Yes, boys and girls, I finally finished Beach Town. You can read about starting it in the post about the Pamela Allen class from last year. I liked looking at the piece in that post (one of the things I LOVE about blogging!), because I could see the differences including all of the handwork I have added.
I made a smaller version of the Robbi Joy Eklow sleeve (from her book Free Expression) for this piece. I don’t know if it will ever be hung using a rod, but it is ready if someone wants to hang it that way.
One of the things I need to think through when I use this technique in the future is the back and the label. I like to include the label as a part of the back. As you may have noticed, I often piece the back and include the label in that piecing. This allows me (or my quilter) to quilt over the label so that it cannot be removed if the quilt is stolen. Jill, one of the creative prompt participants, talks about this in her recent blog post.
Another reason I piece the back is that I have the fabric, so I might as well use it.
Smaller quilts, and particularly this Pamelala technique are free form and quick. The maker usually lays down the back and batting first with no opportunity to piece the back or make a label. When I take a Pamela Allen class again, perhaps I should just put down the batting and work on the back later?
Last Saturday and Sunday, I had a lot of time for the first time in several weekends to work on quilt projects and I completely tanked in that department. Most of the time I sat around and couldn’t figure out what to do. I thought about making another giveaway for OWOH, but was talked out of it. I also just wasn’t motivated to do anything. I have a lot of quilt work to do and I really couldn’t focus.
Finally, on Sunday, I pulled out Beach Town and decided to get the facing on and the sleeve ready so that I could take advantage of some hand sewing time I will have next weekend.
Yeah! Progress on Beach Town! Trimming is easy.
However, after trimming, I found a little section that needed a repair. One of the hazards of working using this free form method is getting too close to the edge. In an effort to avoid that problem, I didn’t get close enough. Yes, I could have trimmed it more, but I didn’t want to cut off any part of the sign.
I had to go rummaging for fabric to find a match. I found some in the scrap bin. Then, I had to carefully lay the fabric and a small piece of batting out so that it didn’t look like a repair (don’t tell, please!). Finally, after it was all laid out and pinned together, I machine quilted the three little sections in matching thread and trimmed it again.

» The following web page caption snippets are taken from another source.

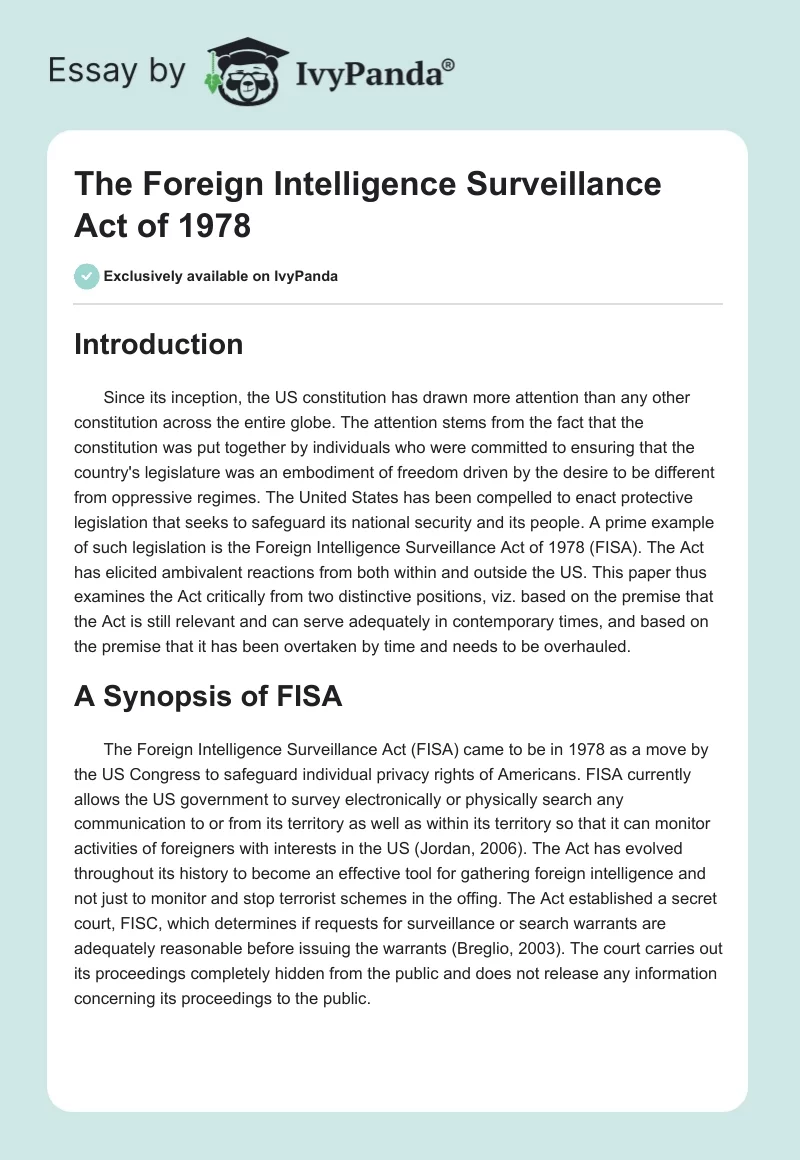 The Foreign Intelligence Surveillance Act of 1978. Page 1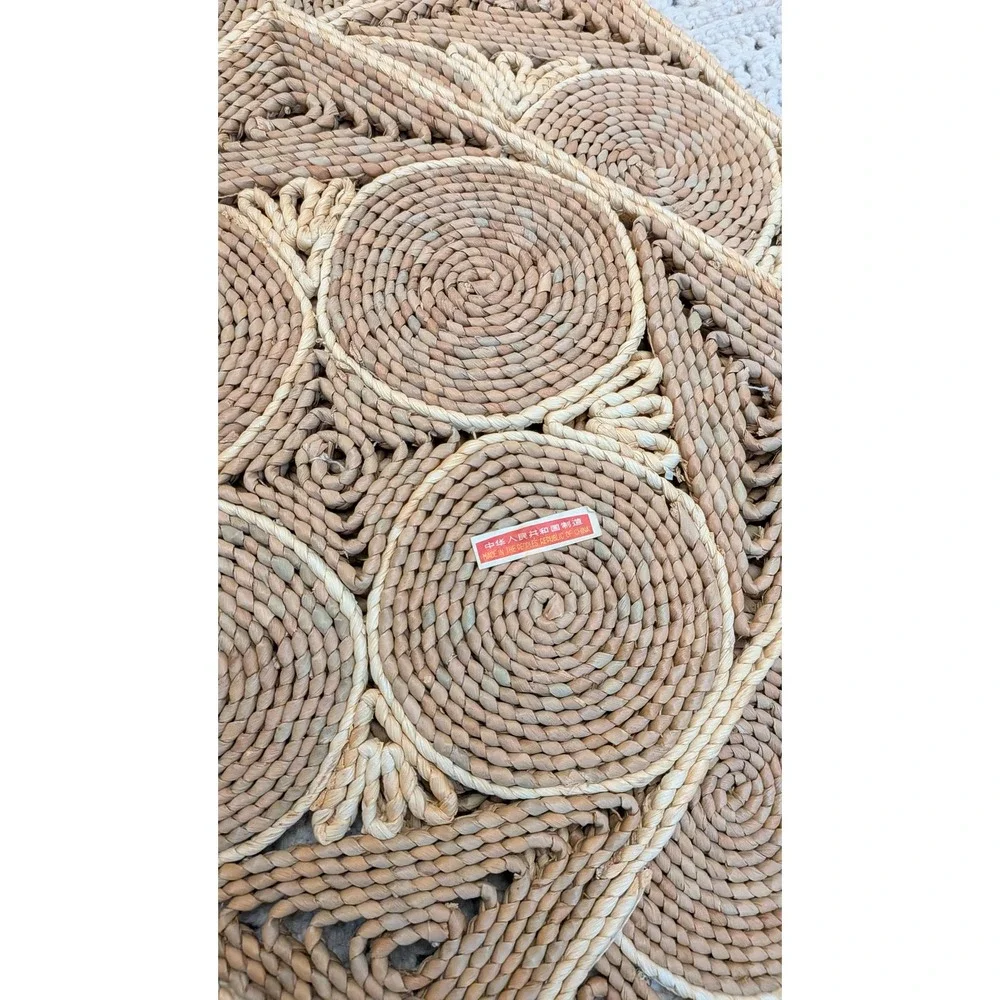 Vintage Woven Straw Placemats Set‎ of 4 Boho Natural Fiber Coiled Geometric Mats
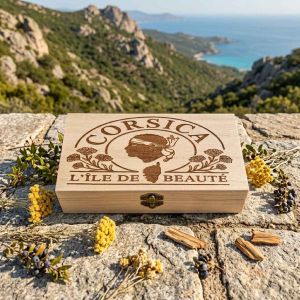 Boite en bois gravée Corsica personnalisable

One of the good things about this project was that I had to focus my mind on a specific task. One thing I learned was to give the edges a little extra space from important design elements.
I dug out the facing instructions I had made awhile ago and applied a facing to the Beach Town. I still need to practice making more facings. I’ll make another one for FOTY 2010.
Here is the corner of the facing. As I mentioned, I have not sewn it down yet.
I use the Robbi Joy Eklow method of sleeve making. This most excellent sleeve making method method is in her book, Free Expressions. This time I made the sleeve smaller than her directions specify. I hope it works in terms of a hanging rod to fit.
We bought Tivo recently and it has revolutionized my world. Last night, while I was alone, I went downstairs to catch up on some shows, and brought Beach Town with me. With the show quilts off and the Flowering Snowball still in waiting mode, I thought it would be a good opportunity to make some progress on this piece. I noticed that it had been a long time since I posted a photo of it. You guys have never seen the quilting.
I really felt good working on this project. As I worked, I found that this project may not need as much embroidery/embellishing as House & Garden. I tried to figure out why. I don’t know for sure, but think that there is a lot more going on in this piece in terms of fabric – lots more commercial fabric with patterns on it. I also think that there are a lot more details, such as the flowers, the variety of beach houses, the tree, etc. I am going to do some embellishing on the pink striped cabana and add some windows and doors to the other houses. I am not sure what other type of Perl cotton embellishment this calls for.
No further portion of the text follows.